Jednak sama też czasem potrzebowała, by ktoś się nią zaopiekował, by mogła chociaż na chwilę zrzucić z siebie ciężar. Poza tym przy Maksie poczuła się atrakcyjna, poczuła się znowu kobietą.
Mam nadzieję, że na drugi raz niektórzy pomyślą dwa razy a przede wszystkim postarają się po prostu po ludzku wczuć w drugą osobę zanim wydadzą taki surowy, potępiający osąd.
Osąd? To tylko moje zdanie. Nie muszisz przecierz go przyjąć do siebie i z takim przekonaniem żyć. Przecież musiała powiedzieć "w zdrowiu i chorobie...". Nic nie usprawiedliwia zdrady, no chyba że ty tak nie uważasz i pozwoliłabyś mężowi, aby cię zdradzał na lewo i prawo. Widzę, że amerykanizacja za daleko postępuje w naszym kraju i ludzie nie tolerują dobrych obyczajów. Życie rzeczywiście jest zagmatwane. Co prawda mogła oddać męża do domu "specjalnej opieki", ale oznaczałoby to, że ten gruby łysy się nią "zaopiekował". Wybrała mniejsze zło i tak to ocenie. Każdy ma swoje zwierzęce potrzeby, ale będąc człowiekiem mamy wybór, możemy ich nie słuchać, tłumić, co oczywiście też może się źle skończyć.
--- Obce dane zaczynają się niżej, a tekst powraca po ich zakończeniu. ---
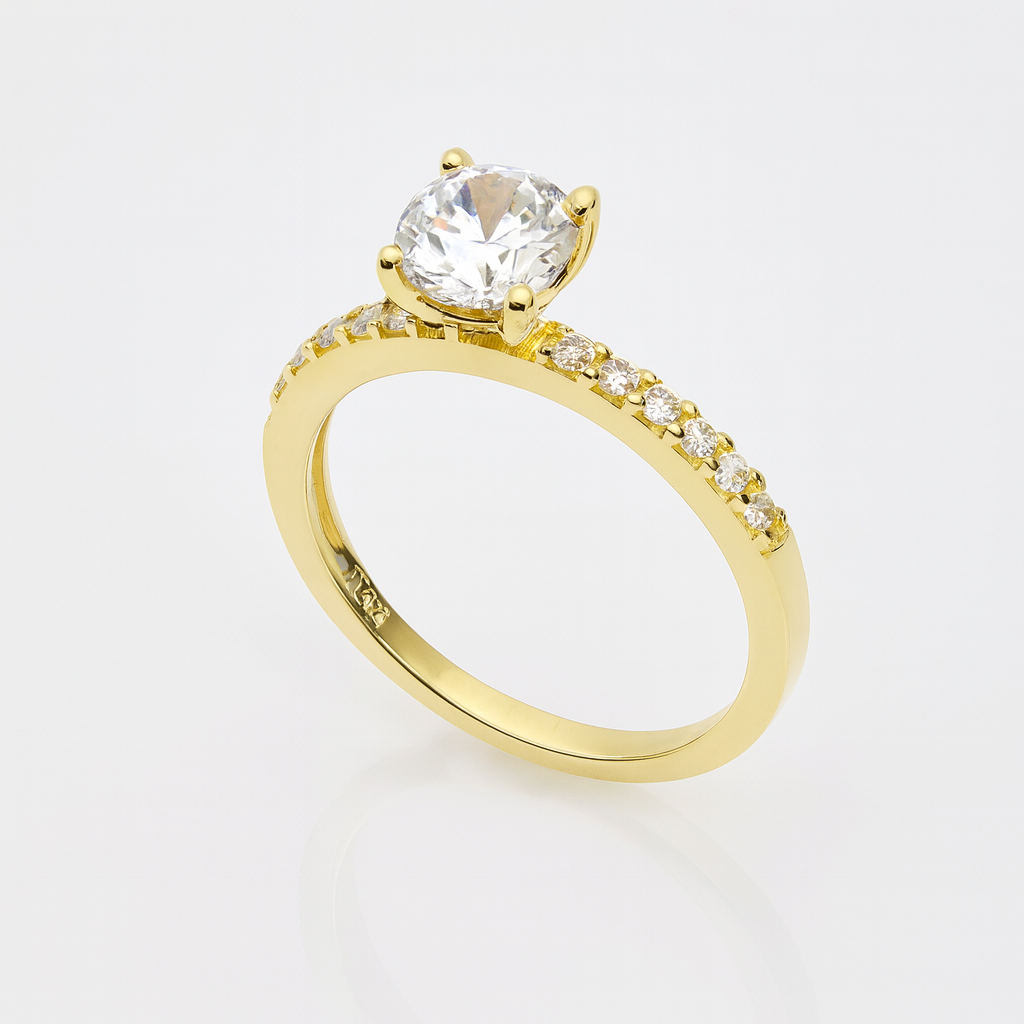 inel de logodnă din argint 925 placat cu aur de 14K, cu piatră centrală strălucitoare și cristale laterale, fotografiat pe fundal alb lucios, bijuterie elegantă pentru femei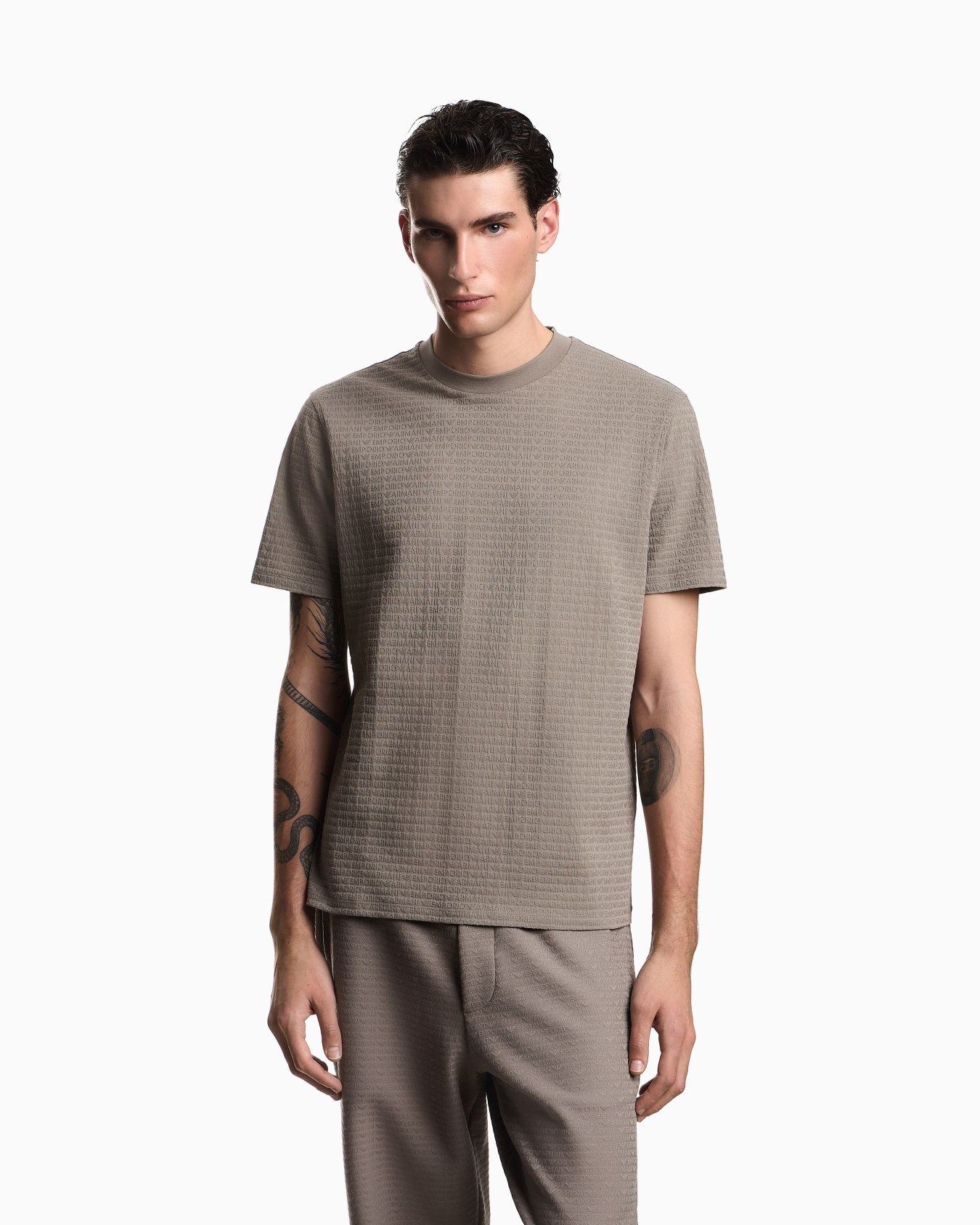 Jersey T-shirt with all-over jacquard lettering Slide 3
Ja z kolei wcale nie dziwie sie Natalii,po 5 latach wojny i posuchy seksualnej miała prawo choc przez chwile poczuć sie znów kobietą, tym bardziej że mąż był już warzywkiem co nie zmieniało faktu że go już nie kochała. Przesadziłeś też z tym amerykanizmem. Niestety dla wielu forumowiczów przymiotnik "amerykanski" kojarzy sie wyłącznie z flagą w gwiazdki powiewająca po uratowaniu swiata, kiczem, American Pie, popcornem czy Colą,i brakiem obyczajów wg Ciebie. Mam nadzieje ze masz jakies powody by tak sądzić bo ja po 5 lentim pobycie w USA stwierdziłem że to Polakom tam będącym wiele z kultury do Amerykanów brakuje. Nie rzucajmy stereotypami i odsmażanymi tekstami,patrzmy lepiej na siebie.